Dong Yi was shot over 10 months. How was the shooting?

While we were in production, the network's labour union went on strike and shooting had to be halted for 10 days. But that provided us, the actors, with some time to communicate more with each other. When shooting resumed, everything went much more smoothly.

Dae Jang Geum was also shown in Europe and the US. Dong Yi had high ratings across Asia. Are historical dramas are lucky for you?

I felt lucky to have the chance to make Dae Jang Geum, which was very popular in many countries and won a lot of awards and recognition. But I don't really have a preference for historical dramas. They are usually very long, up to 60 episodes in a series, and viewers can really get into the story and follow the changes of the characters from the start. They pay more attention to the acting. I think this is why my parts in historical dramas receive more feedback from audiences.

Many crew members from Dae Jang Geum were involved in the production of Dong Yi, so it was like a reunion with old friends. I was really happy to work with these great producers again. I think it was the largest drama production in the history of the network.

You just won top actor at the MBC Drama Awards. How did you feel?

Whether I receive an award is not really important.
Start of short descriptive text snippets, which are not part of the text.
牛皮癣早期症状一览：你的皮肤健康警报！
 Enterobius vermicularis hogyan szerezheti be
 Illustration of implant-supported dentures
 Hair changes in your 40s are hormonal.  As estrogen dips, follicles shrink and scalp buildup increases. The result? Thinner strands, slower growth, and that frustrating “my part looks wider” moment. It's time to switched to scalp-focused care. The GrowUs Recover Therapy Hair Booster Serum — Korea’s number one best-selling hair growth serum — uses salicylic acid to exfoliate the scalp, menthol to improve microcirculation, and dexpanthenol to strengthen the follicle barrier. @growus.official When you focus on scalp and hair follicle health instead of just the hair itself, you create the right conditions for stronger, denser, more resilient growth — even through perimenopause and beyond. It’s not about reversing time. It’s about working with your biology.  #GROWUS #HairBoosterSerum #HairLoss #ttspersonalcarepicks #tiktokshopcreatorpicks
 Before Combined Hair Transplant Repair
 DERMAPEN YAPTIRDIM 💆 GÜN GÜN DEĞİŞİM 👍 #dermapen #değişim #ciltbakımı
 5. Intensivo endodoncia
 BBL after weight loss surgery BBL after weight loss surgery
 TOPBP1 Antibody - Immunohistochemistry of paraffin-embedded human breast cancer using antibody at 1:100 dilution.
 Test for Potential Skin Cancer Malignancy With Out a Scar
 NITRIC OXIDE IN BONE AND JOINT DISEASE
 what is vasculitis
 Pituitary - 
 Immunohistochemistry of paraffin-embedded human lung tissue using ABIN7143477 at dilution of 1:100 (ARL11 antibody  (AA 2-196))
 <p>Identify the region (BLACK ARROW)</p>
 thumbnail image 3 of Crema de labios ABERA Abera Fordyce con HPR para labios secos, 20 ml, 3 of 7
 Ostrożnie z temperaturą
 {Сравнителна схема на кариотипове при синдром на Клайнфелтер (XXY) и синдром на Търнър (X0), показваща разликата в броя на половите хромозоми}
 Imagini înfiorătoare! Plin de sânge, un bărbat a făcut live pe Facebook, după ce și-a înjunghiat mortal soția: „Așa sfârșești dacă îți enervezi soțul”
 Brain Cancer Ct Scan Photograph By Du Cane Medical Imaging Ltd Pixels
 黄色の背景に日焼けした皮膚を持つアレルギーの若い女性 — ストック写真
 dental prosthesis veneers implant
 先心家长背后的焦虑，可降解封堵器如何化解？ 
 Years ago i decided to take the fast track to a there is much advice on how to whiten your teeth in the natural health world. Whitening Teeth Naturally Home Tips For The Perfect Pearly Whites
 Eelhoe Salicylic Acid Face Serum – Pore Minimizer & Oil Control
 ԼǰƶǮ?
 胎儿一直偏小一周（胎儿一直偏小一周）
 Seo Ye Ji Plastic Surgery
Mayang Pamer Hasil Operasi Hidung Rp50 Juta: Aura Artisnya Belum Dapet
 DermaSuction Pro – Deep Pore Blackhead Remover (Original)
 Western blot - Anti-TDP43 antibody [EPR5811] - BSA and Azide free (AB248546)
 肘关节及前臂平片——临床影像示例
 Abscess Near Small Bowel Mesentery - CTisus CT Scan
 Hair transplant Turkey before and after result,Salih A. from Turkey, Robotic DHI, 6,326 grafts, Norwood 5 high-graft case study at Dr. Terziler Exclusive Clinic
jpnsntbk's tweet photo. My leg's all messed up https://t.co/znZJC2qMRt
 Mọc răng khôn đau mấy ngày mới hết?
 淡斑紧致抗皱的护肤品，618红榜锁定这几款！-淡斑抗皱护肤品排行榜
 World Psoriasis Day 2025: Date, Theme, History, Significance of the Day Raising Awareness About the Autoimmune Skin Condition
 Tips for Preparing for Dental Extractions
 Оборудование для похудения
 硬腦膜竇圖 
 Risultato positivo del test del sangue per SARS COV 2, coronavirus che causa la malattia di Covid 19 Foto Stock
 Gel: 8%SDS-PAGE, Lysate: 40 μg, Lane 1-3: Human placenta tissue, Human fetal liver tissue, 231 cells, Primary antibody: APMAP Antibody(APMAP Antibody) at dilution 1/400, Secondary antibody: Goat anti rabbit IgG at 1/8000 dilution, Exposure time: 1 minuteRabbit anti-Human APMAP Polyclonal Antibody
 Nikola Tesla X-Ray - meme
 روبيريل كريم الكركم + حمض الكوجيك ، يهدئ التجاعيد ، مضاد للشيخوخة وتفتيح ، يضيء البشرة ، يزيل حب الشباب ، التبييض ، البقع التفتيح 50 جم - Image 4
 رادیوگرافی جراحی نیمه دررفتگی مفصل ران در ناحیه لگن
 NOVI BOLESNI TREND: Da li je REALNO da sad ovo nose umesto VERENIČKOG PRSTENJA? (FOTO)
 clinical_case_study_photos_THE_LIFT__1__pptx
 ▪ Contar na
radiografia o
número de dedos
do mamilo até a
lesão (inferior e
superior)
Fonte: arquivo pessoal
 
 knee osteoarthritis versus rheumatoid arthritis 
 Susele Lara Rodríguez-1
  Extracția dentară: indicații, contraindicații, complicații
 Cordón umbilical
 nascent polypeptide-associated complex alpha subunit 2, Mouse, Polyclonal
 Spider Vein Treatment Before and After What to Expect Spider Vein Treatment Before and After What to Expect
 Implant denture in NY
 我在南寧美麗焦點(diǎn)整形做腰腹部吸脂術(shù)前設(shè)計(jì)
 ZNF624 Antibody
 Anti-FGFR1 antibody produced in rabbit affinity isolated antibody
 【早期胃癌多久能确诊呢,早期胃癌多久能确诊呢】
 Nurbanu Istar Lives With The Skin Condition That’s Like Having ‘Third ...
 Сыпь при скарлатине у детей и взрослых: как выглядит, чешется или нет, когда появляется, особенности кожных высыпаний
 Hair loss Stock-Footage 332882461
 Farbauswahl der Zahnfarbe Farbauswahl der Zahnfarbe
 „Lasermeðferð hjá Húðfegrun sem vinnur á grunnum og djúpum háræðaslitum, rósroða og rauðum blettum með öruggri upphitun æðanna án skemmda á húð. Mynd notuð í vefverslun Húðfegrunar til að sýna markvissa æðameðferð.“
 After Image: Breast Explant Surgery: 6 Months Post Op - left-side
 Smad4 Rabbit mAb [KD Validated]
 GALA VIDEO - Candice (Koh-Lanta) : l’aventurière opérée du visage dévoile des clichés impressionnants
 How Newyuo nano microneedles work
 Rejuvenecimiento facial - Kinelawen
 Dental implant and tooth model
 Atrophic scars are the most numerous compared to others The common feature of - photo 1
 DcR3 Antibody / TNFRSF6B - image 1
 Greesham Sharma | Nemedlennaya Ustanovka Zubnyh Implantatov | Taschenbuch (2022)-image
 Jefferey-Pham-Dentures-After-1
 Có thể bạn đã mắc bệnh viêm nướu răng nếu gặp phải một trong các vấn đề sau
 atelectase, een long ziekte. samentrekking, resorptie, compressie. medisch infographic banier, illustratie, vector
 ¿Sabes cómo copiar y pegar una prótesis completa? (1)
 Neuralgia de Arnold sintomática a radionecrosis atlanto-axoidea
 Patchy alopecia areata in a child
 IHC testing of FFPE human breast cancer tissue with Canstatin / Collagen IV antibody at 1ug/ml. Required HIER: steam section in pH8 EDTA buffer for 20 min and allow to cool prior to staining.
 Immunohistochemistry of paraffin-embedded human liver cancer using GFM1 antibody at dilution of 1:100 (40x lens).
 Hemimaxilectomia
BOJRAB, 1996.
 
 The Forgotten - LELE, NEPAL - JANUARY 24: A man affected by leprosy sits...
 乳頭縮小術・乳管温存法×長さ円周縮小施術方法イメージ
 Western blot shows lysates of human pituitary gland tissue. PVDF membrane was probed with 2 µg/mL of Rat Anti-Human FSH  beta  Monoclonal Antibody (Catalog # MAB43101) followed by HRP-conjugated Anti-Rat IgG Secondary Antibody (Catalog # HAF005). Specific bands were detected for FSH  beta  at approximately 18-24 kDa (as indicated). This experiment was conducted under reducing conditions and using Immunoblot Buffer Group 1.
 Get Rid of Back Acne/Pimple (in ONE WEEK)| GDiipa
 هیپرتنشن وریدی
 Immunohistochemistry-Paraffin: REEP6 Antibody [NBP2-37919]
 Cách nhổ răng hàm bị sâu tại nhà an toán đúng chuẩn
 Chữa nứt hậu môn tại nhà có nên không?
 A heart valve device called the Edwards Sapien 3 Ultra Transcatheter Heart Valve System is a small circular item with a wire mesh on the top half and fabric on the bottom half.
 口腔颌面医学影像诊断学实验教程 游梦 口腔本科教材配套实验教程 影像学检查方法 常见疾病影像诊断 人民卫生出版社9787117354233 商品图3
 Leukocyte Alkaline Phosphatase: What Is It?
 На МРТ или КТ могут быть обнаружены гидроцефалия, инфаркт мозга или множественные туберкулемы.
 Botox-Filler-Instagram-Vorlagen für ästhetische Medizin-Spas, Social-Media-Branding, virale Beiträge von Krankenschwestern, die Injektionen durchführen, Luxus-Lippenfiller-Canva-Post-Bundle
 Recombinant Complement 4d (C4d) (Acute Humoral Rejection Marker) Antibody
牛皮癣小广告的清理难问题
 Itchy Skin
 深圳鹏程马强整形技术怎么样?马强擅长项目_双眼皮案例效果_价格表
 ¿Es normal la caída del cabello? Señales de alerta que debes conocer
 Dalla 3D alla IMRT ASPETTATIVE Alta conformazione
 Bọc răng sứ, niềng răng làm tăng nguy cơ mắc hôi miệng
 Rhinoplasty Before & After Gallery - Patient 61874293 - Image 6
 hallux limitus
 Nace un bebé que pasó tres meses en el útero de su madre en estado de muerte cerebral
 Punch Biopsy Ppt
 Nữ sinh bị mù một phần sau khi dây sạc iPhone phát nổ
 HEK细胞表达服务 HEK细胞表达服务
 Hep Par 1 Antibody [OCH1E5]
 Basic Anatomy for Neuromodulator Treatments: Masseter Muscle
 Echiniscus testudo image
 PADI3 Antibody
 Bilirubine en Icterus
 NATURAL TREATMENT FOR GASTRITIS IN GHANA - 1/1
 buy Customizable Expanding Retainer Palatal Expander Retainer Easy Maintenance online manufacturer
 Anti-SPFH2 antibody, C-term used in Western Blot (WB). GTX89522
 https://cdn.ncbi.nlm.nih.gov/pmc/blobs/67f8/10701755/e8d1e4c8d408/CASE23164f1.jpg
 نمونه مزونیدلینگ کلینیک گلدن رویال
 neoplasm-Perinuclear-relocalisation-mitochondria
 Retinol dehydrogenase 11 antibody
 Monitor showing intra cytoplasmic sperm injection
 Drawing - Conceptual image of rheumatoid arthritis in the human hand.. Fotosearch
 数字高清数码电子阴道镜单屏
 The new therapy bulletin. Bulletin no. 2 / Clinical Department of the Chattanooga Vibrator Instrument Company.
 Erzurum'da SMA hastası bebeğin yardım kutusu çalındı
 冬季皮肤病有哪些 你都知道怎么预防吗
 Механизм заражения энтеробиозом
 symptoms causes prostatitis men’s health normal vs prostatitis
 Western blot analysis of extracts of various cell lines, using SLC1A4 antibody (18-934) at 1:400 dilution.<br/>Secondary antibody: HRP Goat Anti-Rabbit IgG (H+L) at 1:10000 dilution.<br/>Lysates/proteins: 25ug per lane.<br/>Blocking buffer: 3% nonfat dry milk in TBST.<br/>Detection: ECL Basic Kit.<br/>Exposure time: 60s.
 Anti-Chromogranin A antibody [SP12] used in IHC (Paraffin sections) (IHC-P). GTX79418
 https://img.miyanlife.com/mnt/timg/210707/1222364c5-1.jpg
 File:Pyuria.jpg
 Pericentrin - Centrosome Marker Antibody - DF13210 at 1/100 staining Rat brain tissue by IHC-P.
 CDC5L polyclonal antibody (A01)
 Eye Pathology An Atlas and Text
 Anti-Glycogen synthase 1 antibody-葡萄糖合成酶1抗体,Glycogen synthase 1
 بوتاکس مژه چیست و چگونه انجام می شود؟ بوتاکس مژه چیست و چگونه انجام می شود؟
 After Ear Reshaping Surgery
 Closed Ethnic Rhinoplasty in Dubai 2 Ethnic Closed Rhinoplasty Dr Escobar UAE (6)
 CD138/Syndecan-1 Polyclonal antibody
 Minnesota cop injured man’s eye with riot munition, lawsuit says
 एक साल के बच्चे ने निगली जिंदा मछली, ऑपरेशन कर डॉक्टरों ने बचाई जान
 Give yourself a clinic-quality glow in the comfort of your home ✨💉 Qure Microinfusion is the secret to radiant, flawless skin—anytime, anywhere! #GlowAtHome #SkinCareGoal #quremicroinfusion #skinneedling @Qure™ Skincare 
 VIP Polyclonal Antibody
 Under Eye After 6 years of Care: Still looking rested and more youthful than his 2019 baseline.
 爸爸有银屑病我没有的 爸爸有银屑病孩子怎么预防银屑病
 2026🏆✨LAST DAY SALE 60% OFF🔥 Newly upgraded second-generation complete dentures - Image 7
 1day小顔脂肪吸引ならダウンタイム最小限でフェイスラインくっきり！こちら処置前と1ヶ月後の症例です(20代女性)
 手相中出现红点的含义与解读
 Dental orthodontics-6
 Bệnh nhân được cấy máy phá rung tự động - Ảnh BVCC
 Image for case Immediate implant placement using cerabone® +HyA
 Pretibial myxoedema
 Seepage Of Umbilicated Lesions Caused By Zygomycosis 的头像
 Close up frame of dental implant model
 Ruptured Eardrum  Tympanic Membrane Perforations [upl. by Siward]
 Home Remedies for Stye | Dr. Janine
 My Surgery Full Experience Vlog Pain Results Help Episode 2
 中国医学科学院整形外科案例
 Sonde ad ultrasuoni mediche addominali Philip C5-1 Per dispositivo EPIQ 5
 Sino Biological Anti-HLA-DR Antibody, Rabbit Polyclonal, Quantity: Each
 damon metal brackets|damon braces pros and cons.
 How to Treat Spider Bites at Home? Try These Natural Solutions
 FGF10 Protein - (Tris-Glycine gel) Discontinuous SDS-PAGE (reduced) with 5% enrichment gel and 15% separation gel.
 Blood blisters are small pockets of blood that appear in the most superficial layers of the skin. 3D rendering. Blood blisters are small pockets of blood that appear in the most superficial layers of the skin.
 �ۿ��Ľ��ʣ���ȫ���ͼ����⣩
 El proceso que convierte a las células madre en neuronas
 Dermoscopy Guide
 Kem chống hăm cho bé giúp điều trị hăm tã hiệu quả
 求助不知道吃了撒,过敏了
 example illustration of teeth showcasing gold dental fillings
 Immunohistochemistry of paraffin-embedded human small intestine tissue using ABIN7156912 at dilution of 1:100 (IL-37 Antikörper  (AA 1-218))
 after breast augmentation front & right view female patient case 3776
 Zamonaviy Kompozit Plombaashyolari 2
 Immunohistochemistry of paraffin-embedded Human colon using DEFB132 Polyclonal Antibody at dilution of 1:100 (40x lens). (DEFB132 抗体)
To me, what really matters is the process of making the drama. I'm content as long as I have fun during the shooting.

After making several historical dramas are you interested in history?

Yes, but not just Korean history. I think we all need to have some basic knowledge of world history; you need to know about the past to know about the future.

When Hong Kong actors appear in movies, few go back to making television dramas. But in Korea, it doesn't seem to be the case.

I have no special preference for movie, television or stage dramas. They are very different media, and I'm interested in all of them. In theatre, you have to perform with a strong voice, and you can see the audience reaction instantly. In movies, everything can be intricate and full of details. When making television dramas, there are many close-up shots and you are required to give dramatic expressions in some scenes. No matter what the medium is, I'm happy to try it if the topic is interesting and the script is good.

Your schedule is often packed with different projects. How do you balance your work and family life?

I bring my family along when I go overseas. While we can spend more time together, it's also an occasion for my family to have some fun. When I'm on set, I invite my wife and my son to come and see me work. This way he can see how hard his father works and my wife might realise that her husband's job is not so easy.

Do you have any new projects?

In March I'm going to be making a movie in the mainland. It's a romantic comedy but the actress has yet to be confirmed.

After Perhaps Love, do you want to take part in another Hong Kong movie production?

There are so many great directors and actors in Hong Kong. I like Infernal Affairs, and it would be great if there was a chance to work with its directors.